(Work required) Copy the lines running from the one that contains "Veduta Panoramica Aerea" to the end of the entries below, exactly and with no pictures.

(Data provided)
▬▬▬▬▬▬
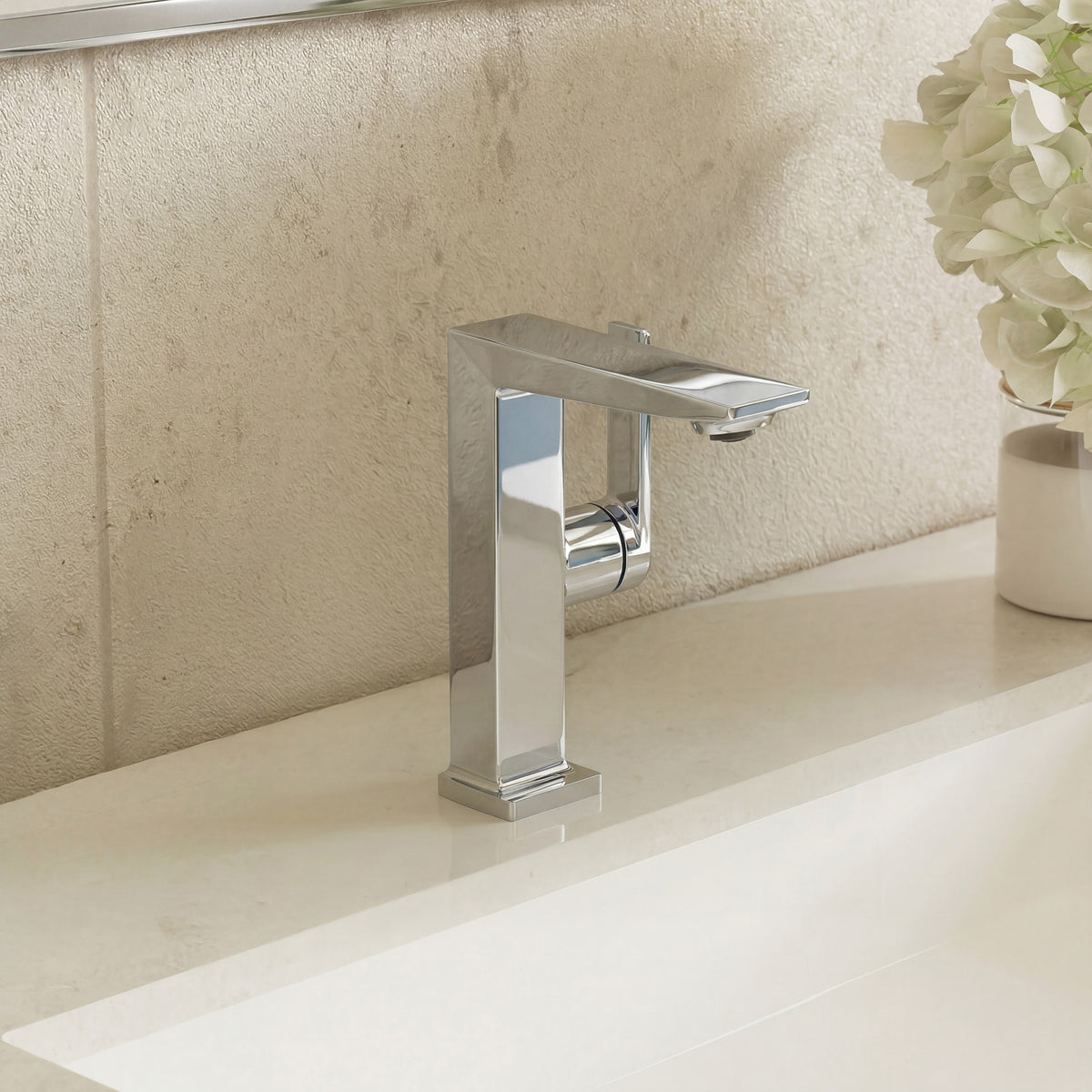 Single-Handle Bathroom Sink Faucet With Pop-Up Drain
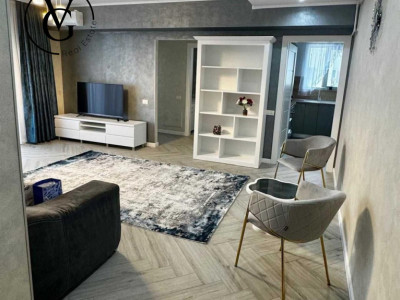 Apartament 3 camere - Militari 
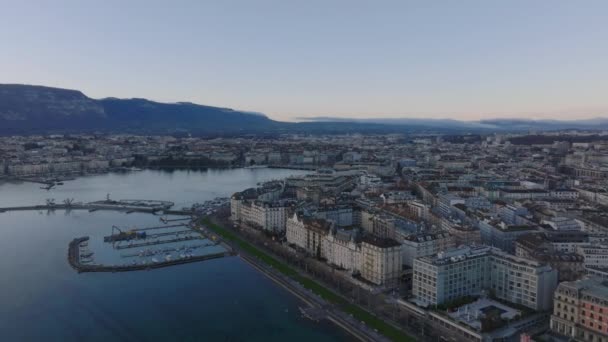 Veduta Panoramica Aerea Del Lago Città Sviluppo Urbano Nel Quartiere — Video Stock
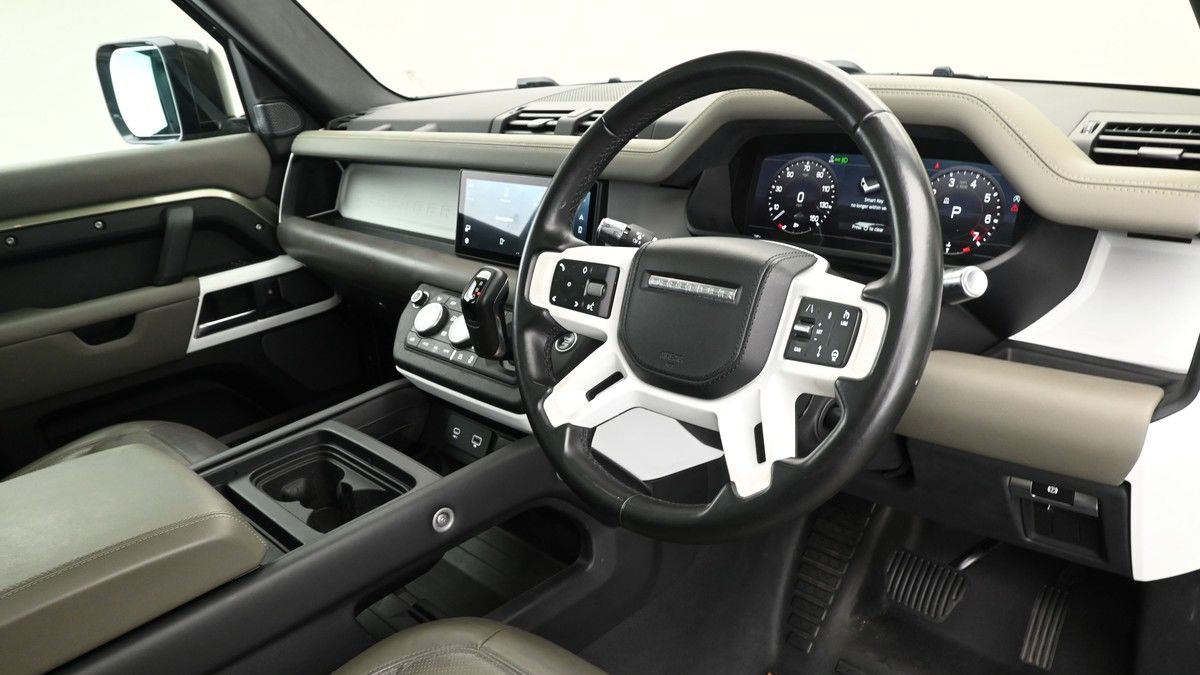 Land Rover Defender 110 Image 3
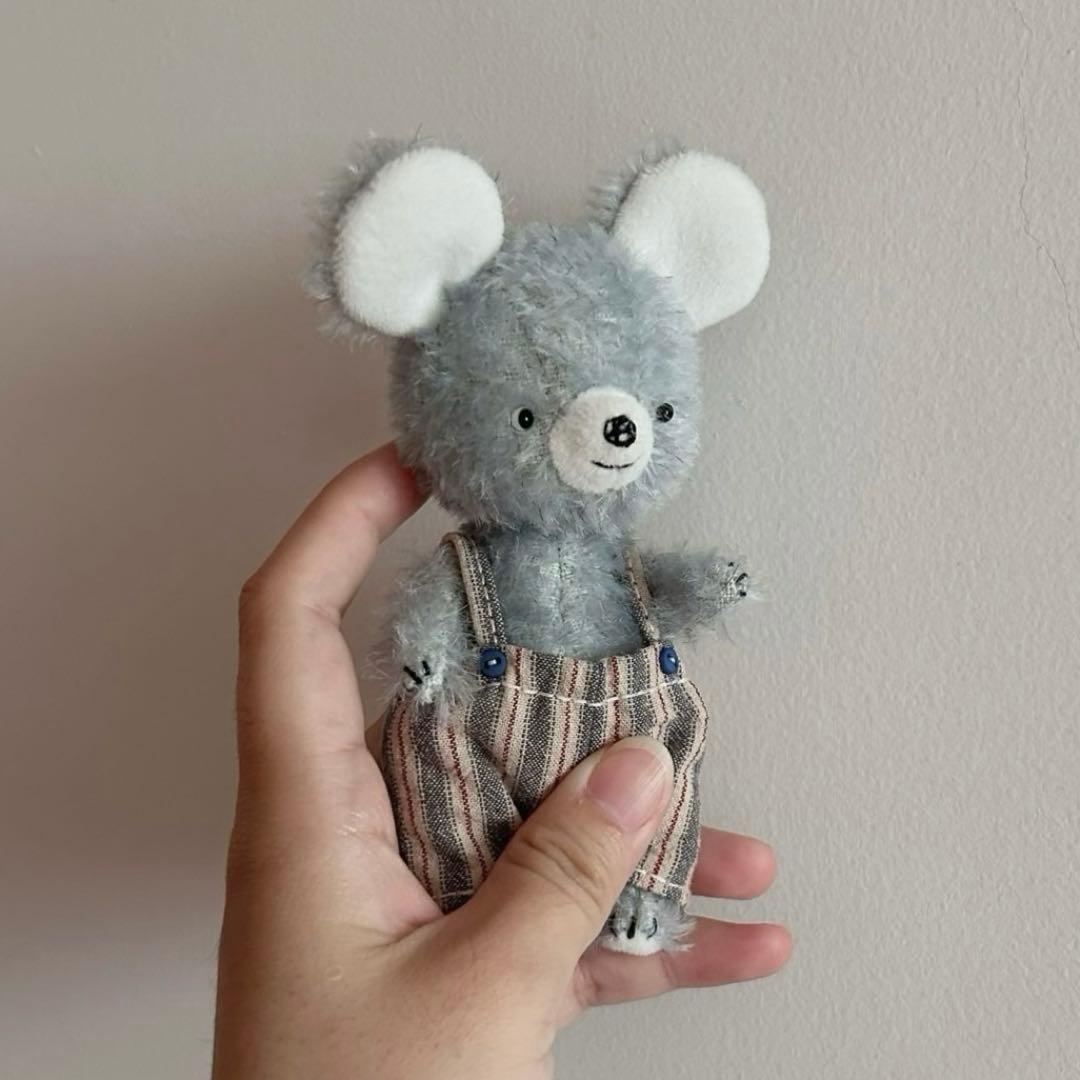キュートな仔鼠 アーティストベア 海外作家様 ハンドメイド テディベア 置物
▬▬▬▬▬▬
(Answer to this task)
 Veduta Panoramica Aerea Del Lago Città Sviluppo Urbano Nel Quartiere — Video Stock
 Land Rover Defender 110 Image 3
キュートな仔鼠 アーティストベア 海外作家様 ハンドメイド テディベア 置物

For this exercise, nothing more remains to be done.